Whether he depicts Mayan calendars or solar clocks evoking Vitruvius Man and his perfect proportions, whether he aligns stars and mythical characters or portrays burning books and lightning on the edges of his wooden panels, Zach Harris conveys in his work a fervor for cosmology and cyclical systems, but also a profound, insoluble reflection on chaos and order. In many ways it could be related to the systemic approach of American painter Paul Laffoley, whose symbolic and seemingly paranoiac language addresses the mystical, while his bright colors and eccentric imagery also reference the Science Fiction genre. Similarly Zach Harris has developed a painting practice revolving around an almost compulsive study of calendrical structures, and in particular of the number ‘2020’, which stands for a perfect alignment of figures, while also evoking the possible date for an utopian perfect vision of an ideal future.

There seems to be a fascination for European painting in Zach Harris’ pictorial universe and representation of the world. Post-Impressionism’s vivid colors and geometric shapes come to mind when looking at Harris’ multifaceted panels. He also explicitly refers to Pierre Bonnard’s 1921 work The Open Window in one of his pieces that features a carved window shaped as a guillotine. Furthermore the mysterious visions within Zach Harris’ paintings might evoke the symbolism of Gustave Moreau, but tainted with a hint of Californian psychadelia.

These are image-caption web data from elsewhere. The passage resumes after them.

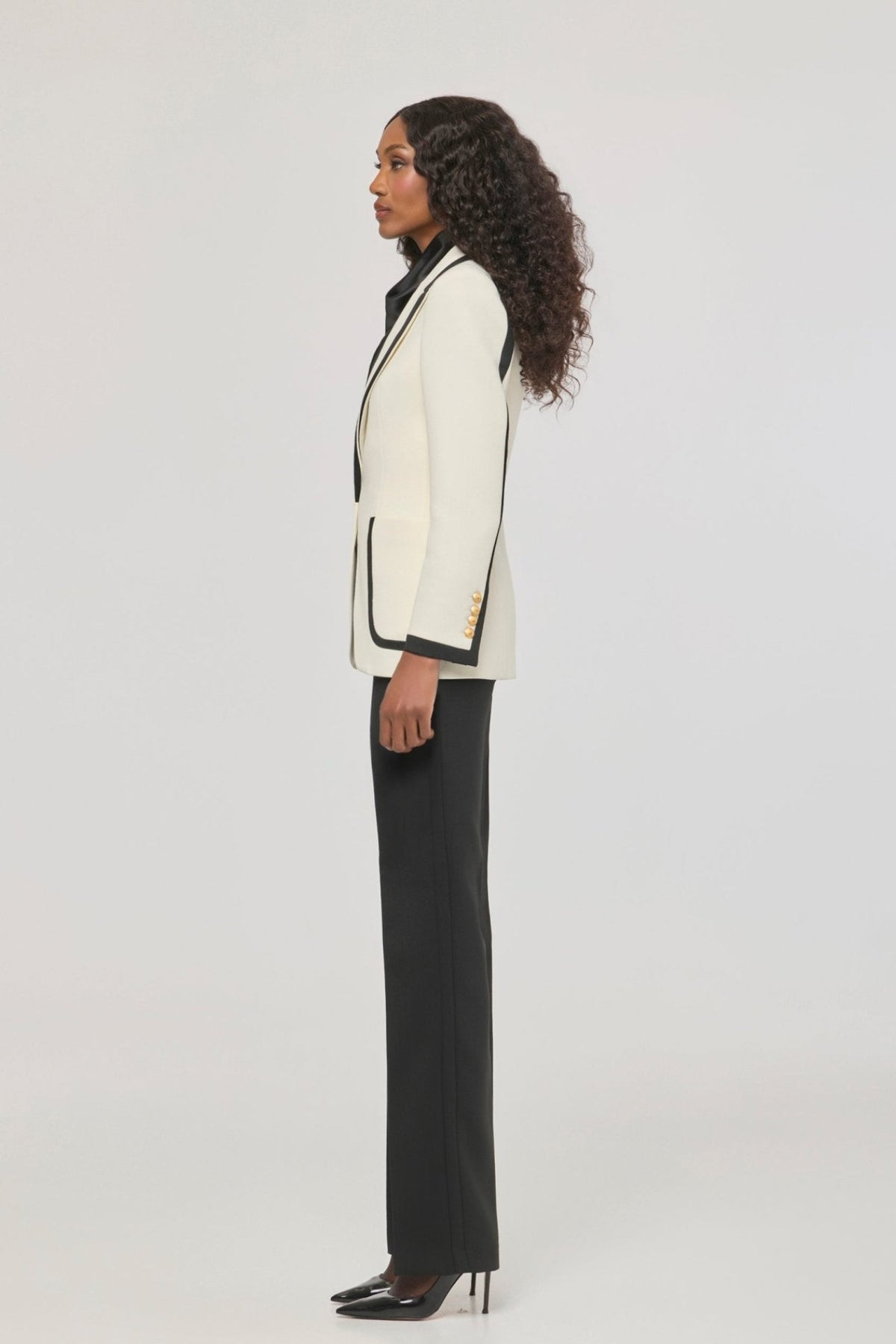 Blazer blanco con ribetes en contraste Laurent de The Extreme Collection en impecable blanco con vivos negros y sofisticados botones dorados.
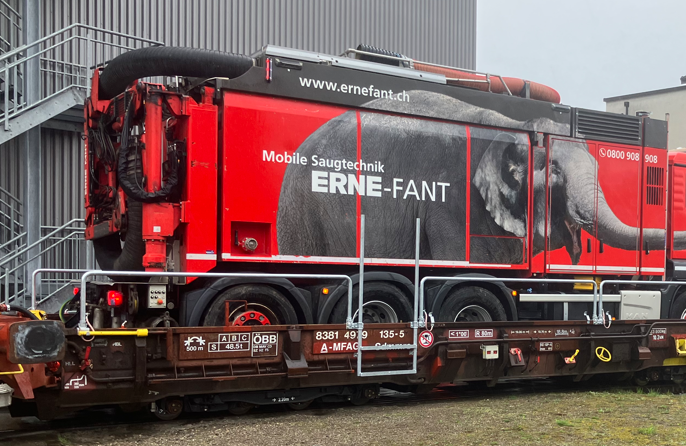 BAV- und SBB-Zulassung für Saugbagger und Kanalreiniger auf Niederflurwagen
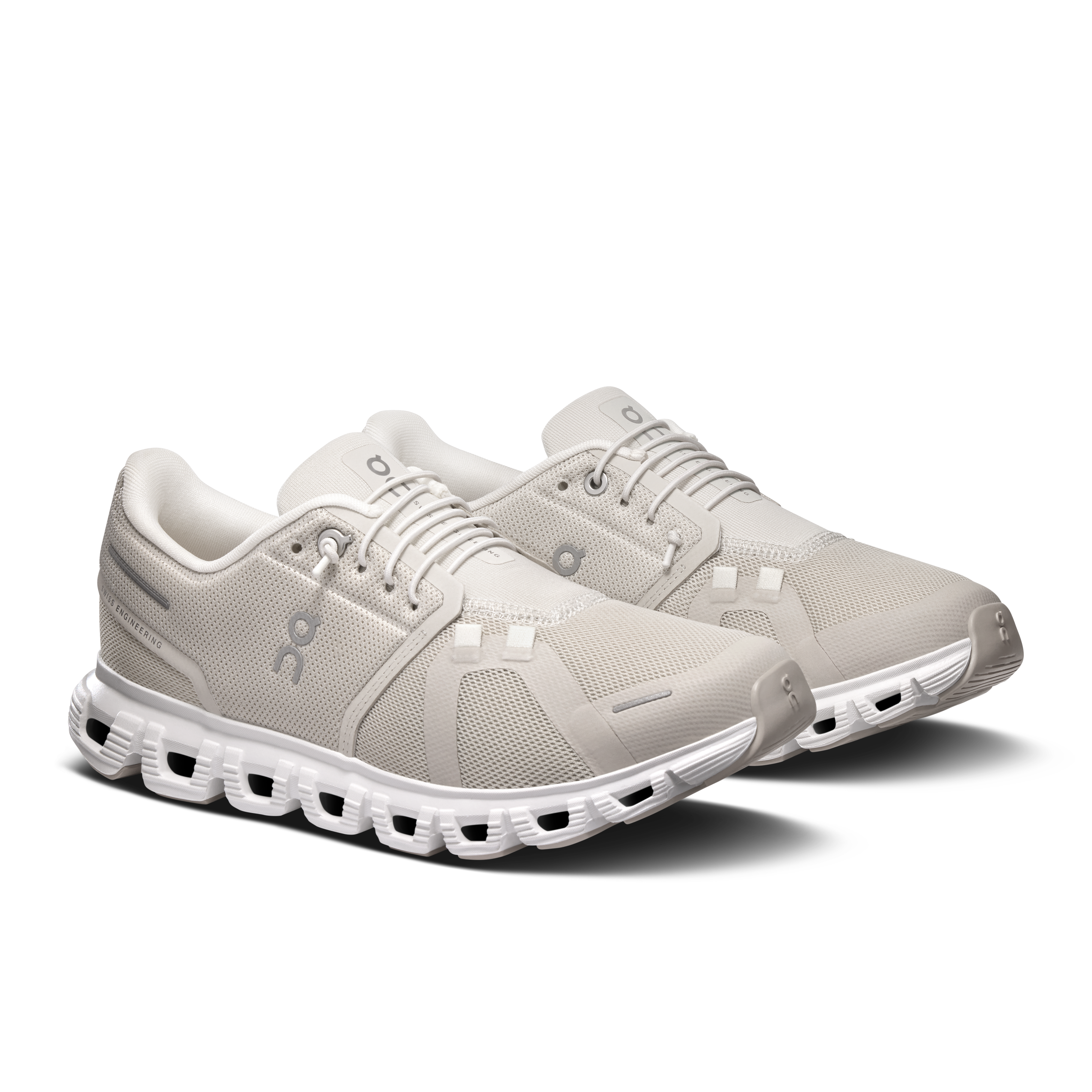 On Running Women's Cloud 6 Wide Shoes - Pearl / White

Here again, observing Zach Harris’ panels feel like a journey in the dead-ends of Californian subculture where American tradition of visionary landscape painting meets optical illusions, and where psychedelic tones and underground figures encounter occult symbols such as pyramids and eyes in an overall sentiment of a mystical and apocalyptic end of the world. His paintings are haunted with purple clouds, orange sunsets and pink sunrises, and a strange magic emanates from their halo. It is the vision of Gustave Moreau falling in love with Salome, if only the two were, in their perfectly French outfits, cruising in a convertible through the fading golden light of Malibu Beach.